It is unnecessary to exhaustively discuss the evidence bearing upon this matter, or to refer at all to certain other facts to which the defendant's counsel have, not without pertinence, adverted in this connection. It is enough to say that, upon all the proofs, I am unable to escape the conviction that this suit has been brought in pursuance of a bargain between the complainants and Brua, the patentee, to divide the recovery between them, if they should prevail, and the former to carry on the suit at their own expense. Such a bargain constitutes champerty (Kent, Comm. p. 485, note d); and the following observations of Judge Shipman in Gregerson v. Imlay, 4 Blatchf. 504, Fed. Cas. No. 5,795, are directly in point:
"This is not the case of an assignment of an interest in an individual claim, or a sale of property in esse which is involved in a legal controversy, but it is an attempted transfer of an interest in indefinite litigious rights, and in claims for unliquidated damages, arising out of torts, indefinite in number and amount, and limited only by territorial boundaries, covering nearly the entire country. Passing by other grave questions that suggest doubts as to the validity of such a contract, it is sufficient to say that it is one that no court of equity should countenance, inasmuch as it is tainted with champerty and maintenance. This view of the duty of courts of equity is fully supported by the chief baron of the exchequer in the case of Prosser v. Edmonds, 1 Younge & C. Exch. 481, where he remarks that such courts should lend no countenance to agreements which partake in any manner of champerty, although they might be barely valid at law. *** To arm one individual with exclusive and unlimited power over the claims of another for unliquidated damages arising out of numerous torts, with power to sue and press the claims to judgment in all courts, in the name of the injured party, not for a fixed or a reasonable compensation to be determined by the amount of labor performed and the expense incurred, but for what might prove an enormous bounty proportioned to the amount that might be recovered, while at the same time the other party is stripped of all power to adjust, settle, or discharge those claims, of the justice of which he ought to be the better judge, would be detrimental of the peace of society and the safety of individuals, and against public policy."

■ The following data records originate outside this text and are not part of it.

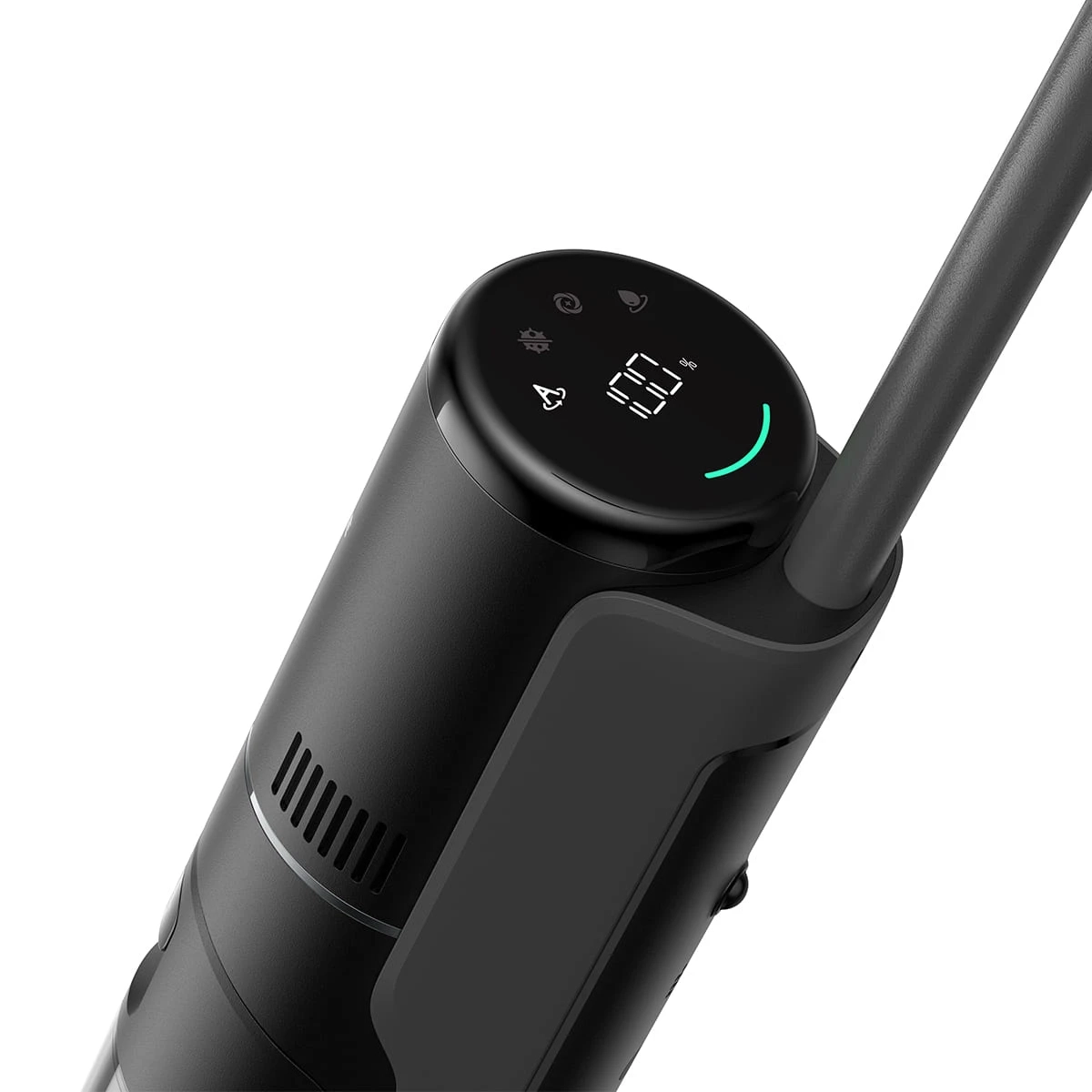 Акумуляторний миючий пилосос Dreame H12 Pro Flex Reach (HHR44A)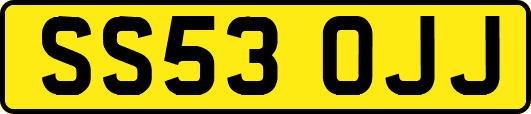 SS53OJJ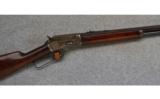 Marlin Model 94, .44-40 WCF., Game Carbine - 1 of 7
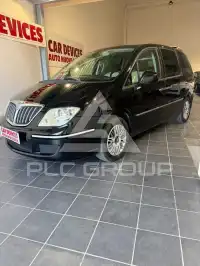 2010 Lancia Phedra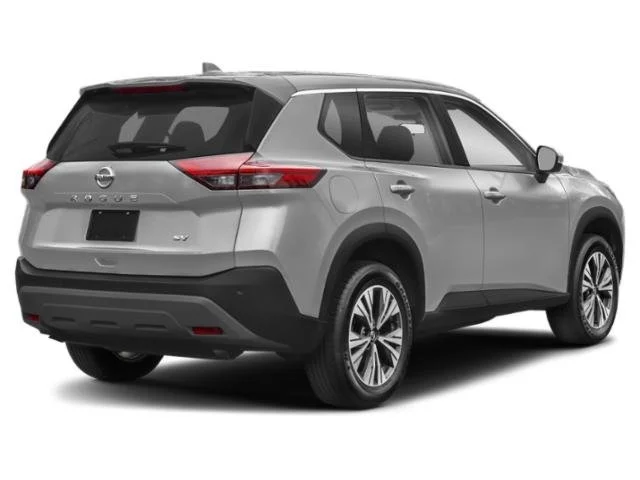 SEMINUEVOS NISSAN Rogue at Kennesaw, in Town Center Nissan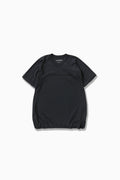 dry jersey SS T (W) - black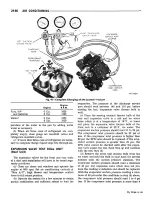 Preview for 956 page of Plymouth Barracuda 1969 Service Manual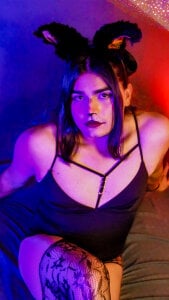 aikyra_darkcute miau Pic 2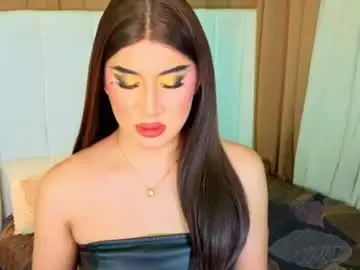 Chaturbate Live Porn of jilianward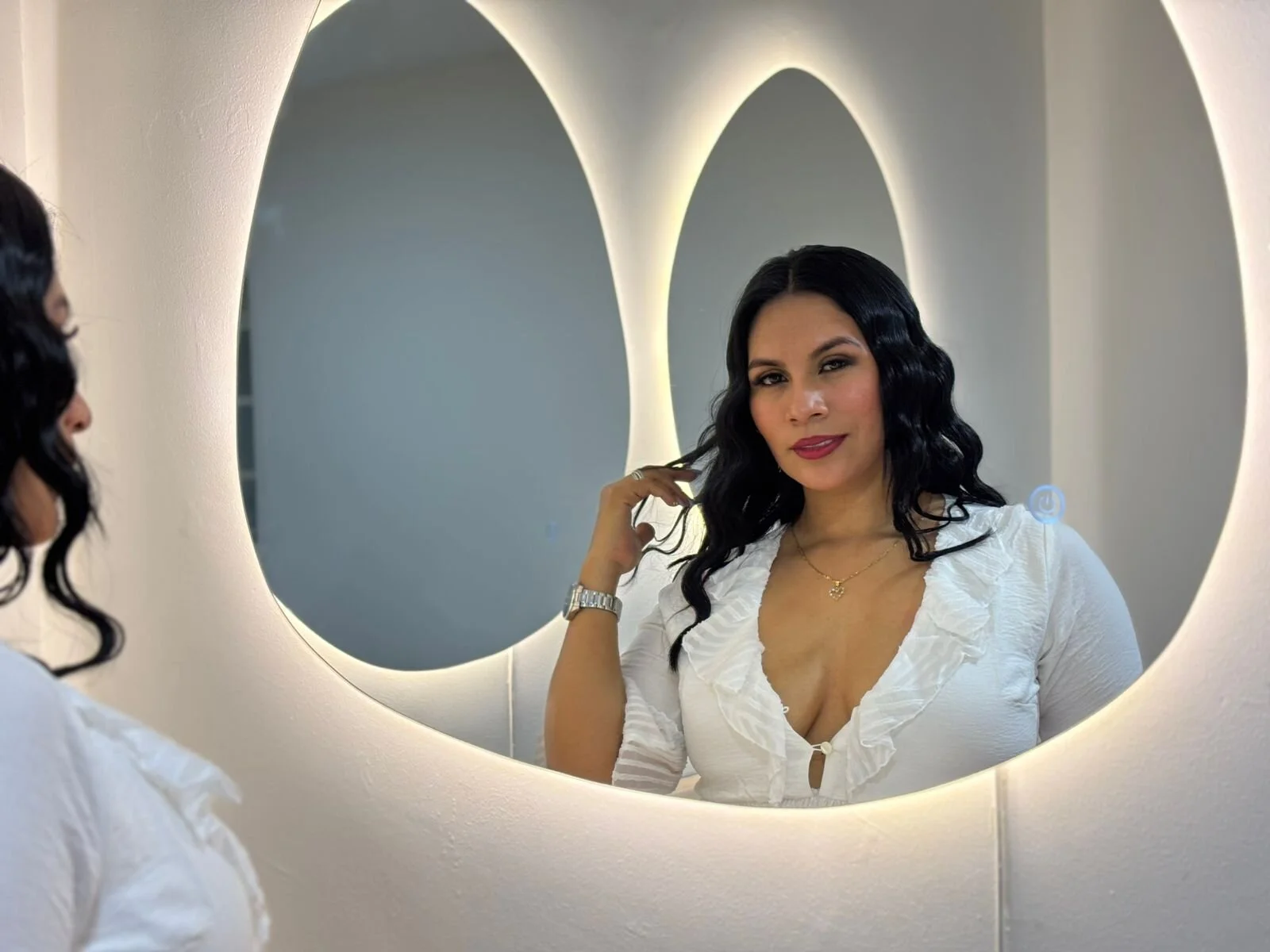 XXX Porn Photo of Nude Sofia_Convers 32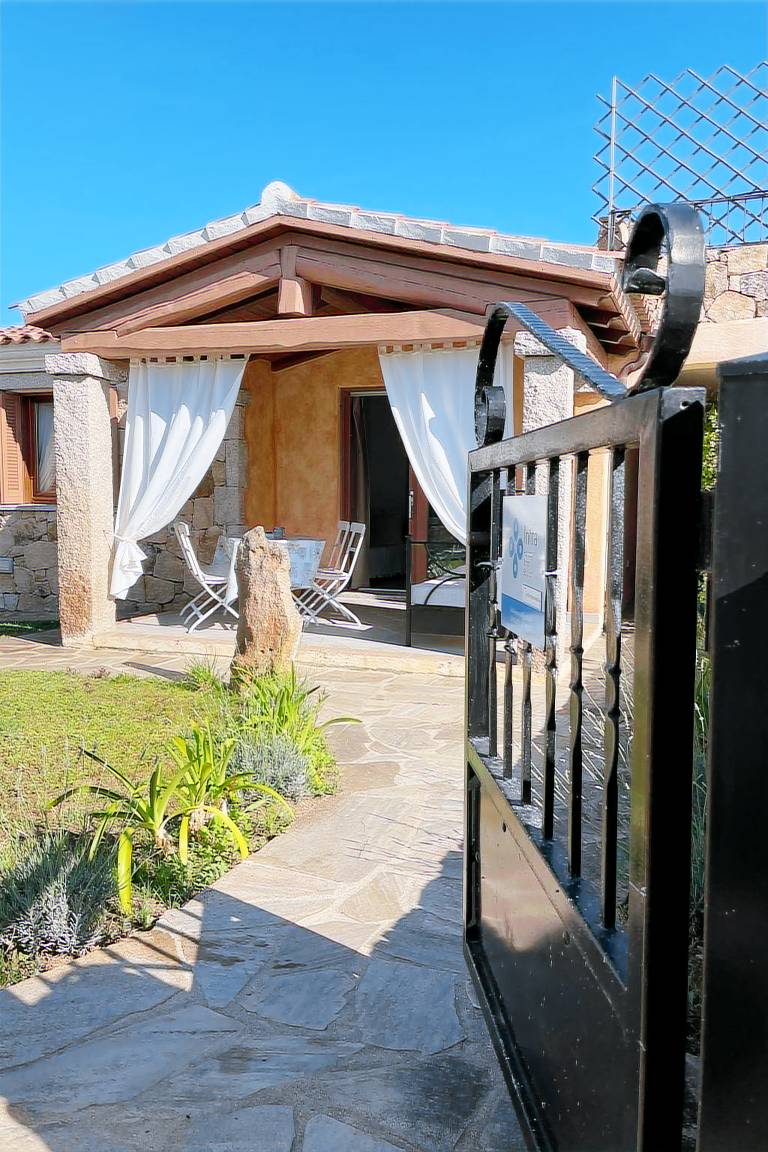 Ferienhaus in Budoni, Posada für max. 3 Personen Ferienhaus in Budoni, Posada für max. 3 Personen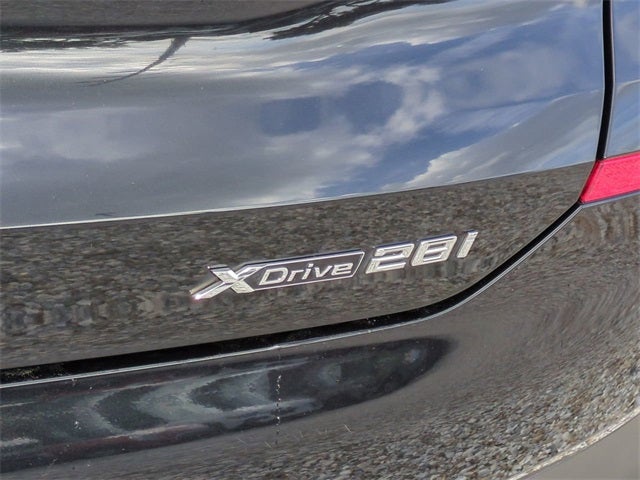 2020 BMW X2 xDrive28i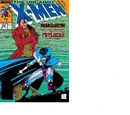 Uncanny X-Men Vol 1 256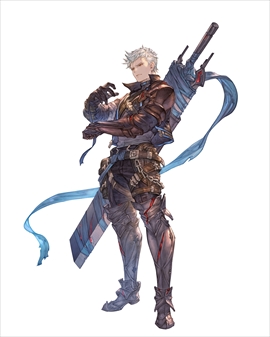 画像ギャラリー No.022のサムネイル画像 / 「GRANBLUE FANTASY: Relink」の最新トレイラー公開。ナルメアが新規プレイアブルキャラクターとして参戦することが明らかに
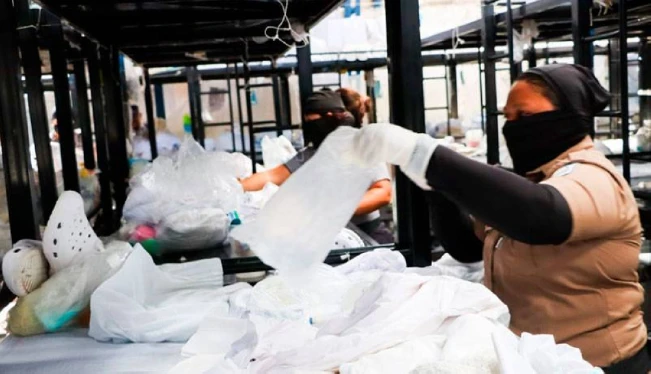 Realizan “requisas sorpresas” en Mariona y cuatro centros penales más del país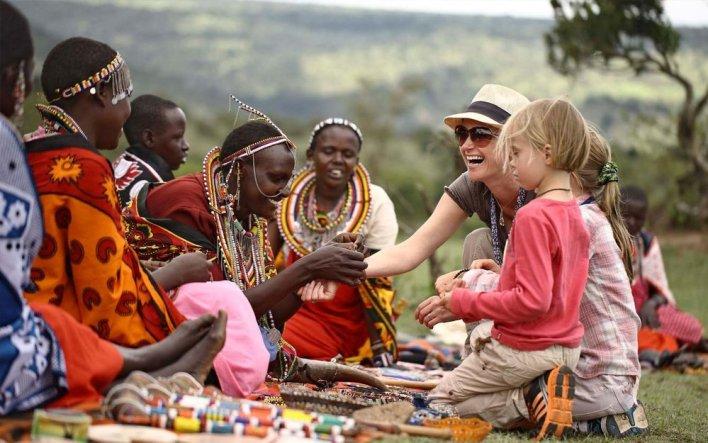 Authentic Cultural Immersions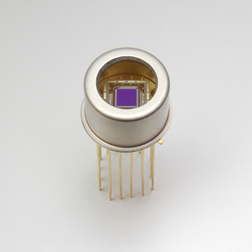 Датчик изображения InGaAs G12460-0606S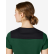 TEE-SHIRT FEMME  vert FEMME KIRA RESPIRANT OEKO-TEX - FHB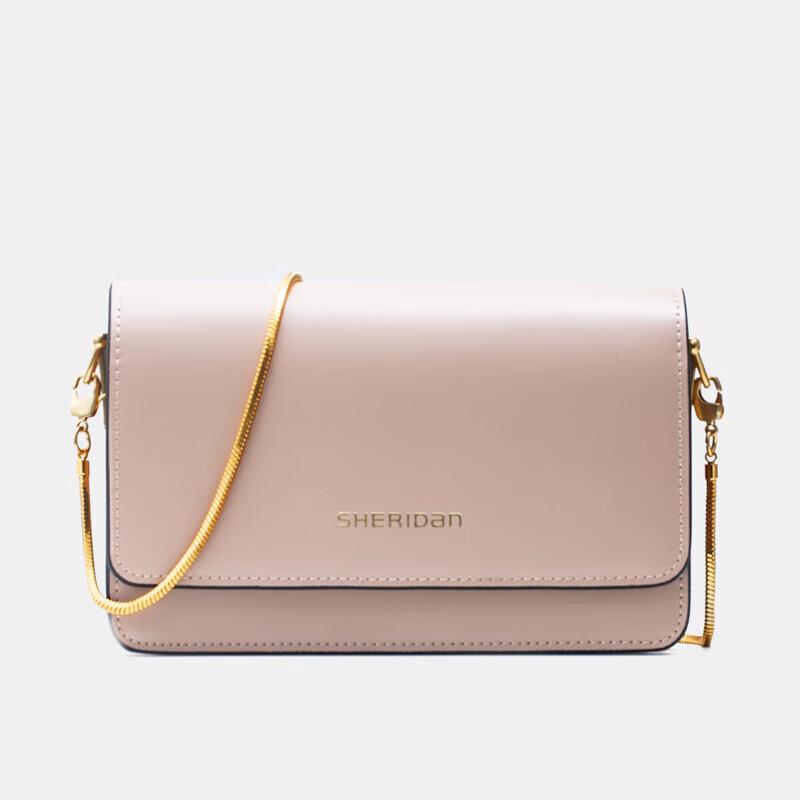 Sheraton Women s Elegant Leather Crossbody Bag Small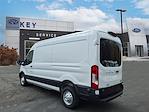 New 2025 Ford Transit 250 Medium Roof Empty Cargo Van for sale #E1033 - photo 4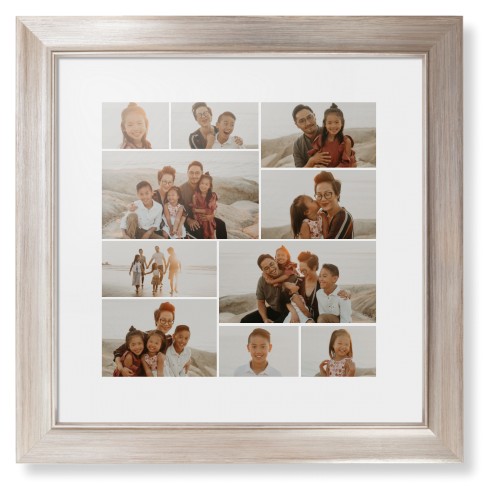Gallery of Ten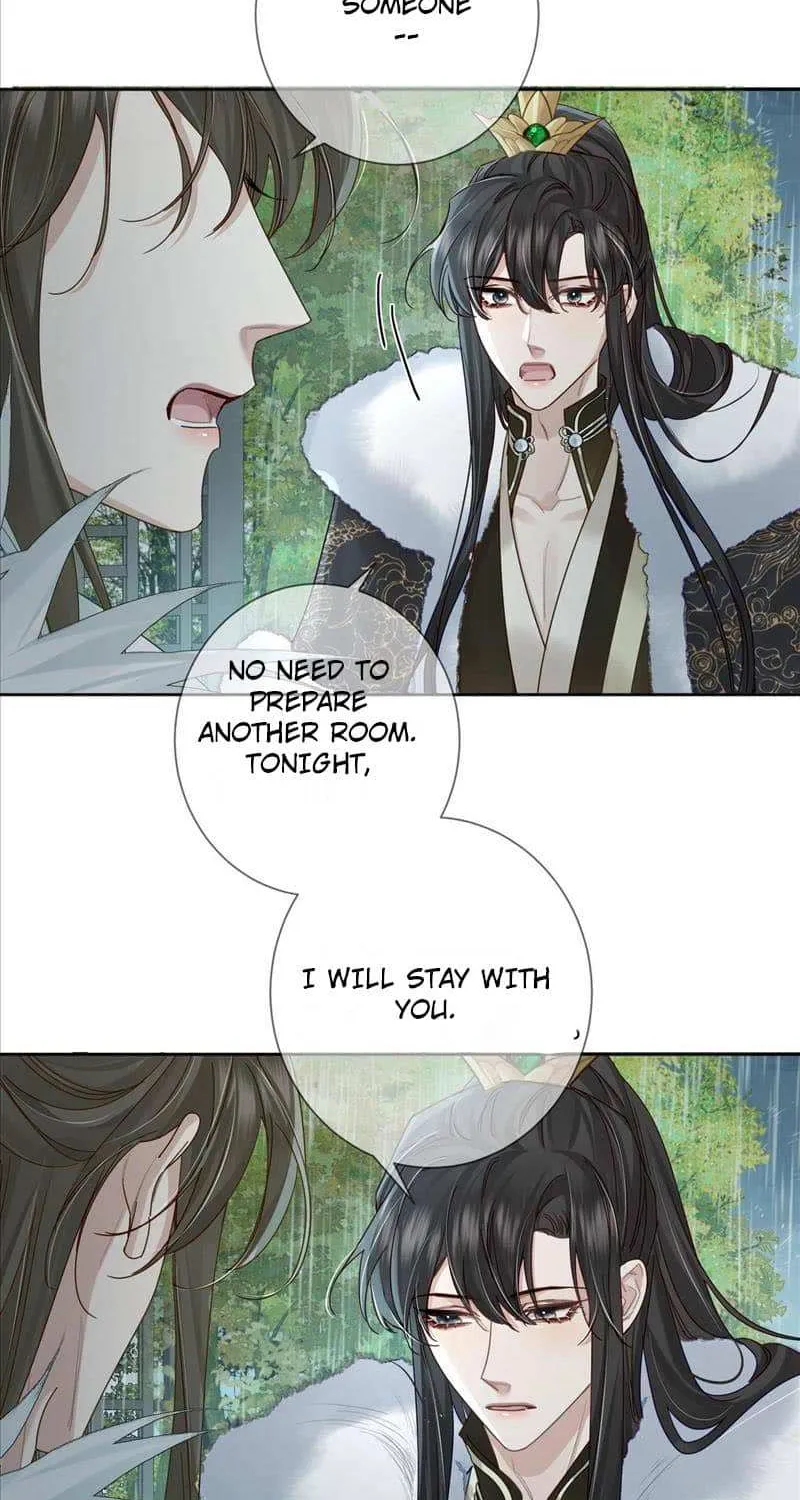 The Protagonist Just Wants To Falling In Love Chapter 65 page 16 - 
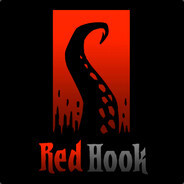 Red hook studios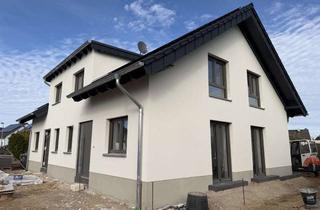 Haus mieten in 53913 Swisttal, *Neubau Erstbezug* Doppelhaushälfte in Swisttal-Heimerzheim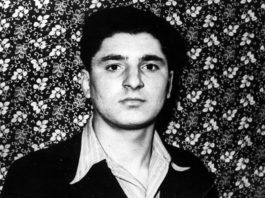 «Я не меняю убеждения, жену и друзей»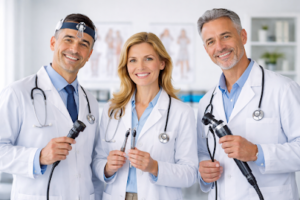 Guide des Médecins d&rsquo;Algérie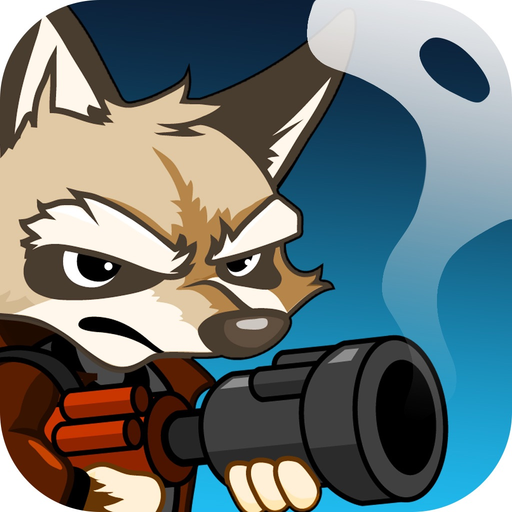 Dogs Attack app icon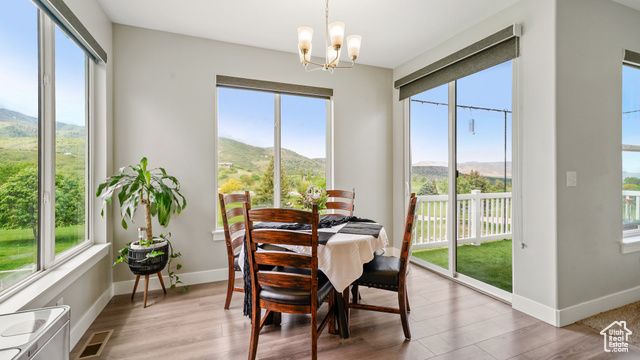 209 N ELK RIDGE DR, Elk Ridge, UT 84651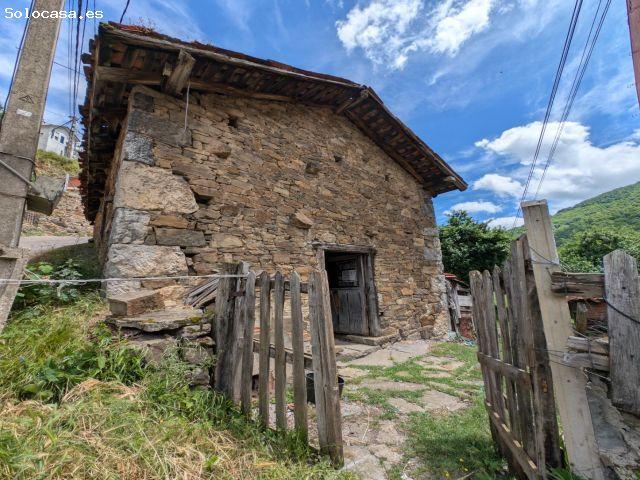 Casa en venta en Collanzo / Coḷḷanzo, Aller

It is true that, in the case in which this language was used, the question arose upon an application by one of the parties to the champertous agreement for a provisional injunction to restrain the violation of that agreement by the other party thereto; whereas, in the present case, the unlawfulness of the agreement is set up by a third party, to defeat a suit which is prosecuted in accordance with its terms, and with the acquiescence of both parties to it. This, however, makes no difference. The views expressed by Judge Shipman, in which I fully concur, are, in my opinion, equally applicable to the present case as to that which was before him. It may be conceded that, as argued for complainants, an arrangement that counsel shall receive part of the proceeds of a suit in which he is professionally employed will not prevent a recovery therein; but where the title which the plaintiff relies upon, and upon which his right to sue is dependent, is tainted with champerty, the case presented is a very different one, for there the court is quite as plainly asked to uphold the obnoxious contract as upon a motion (as in Gregerson v. Imlay) to restrain its violation.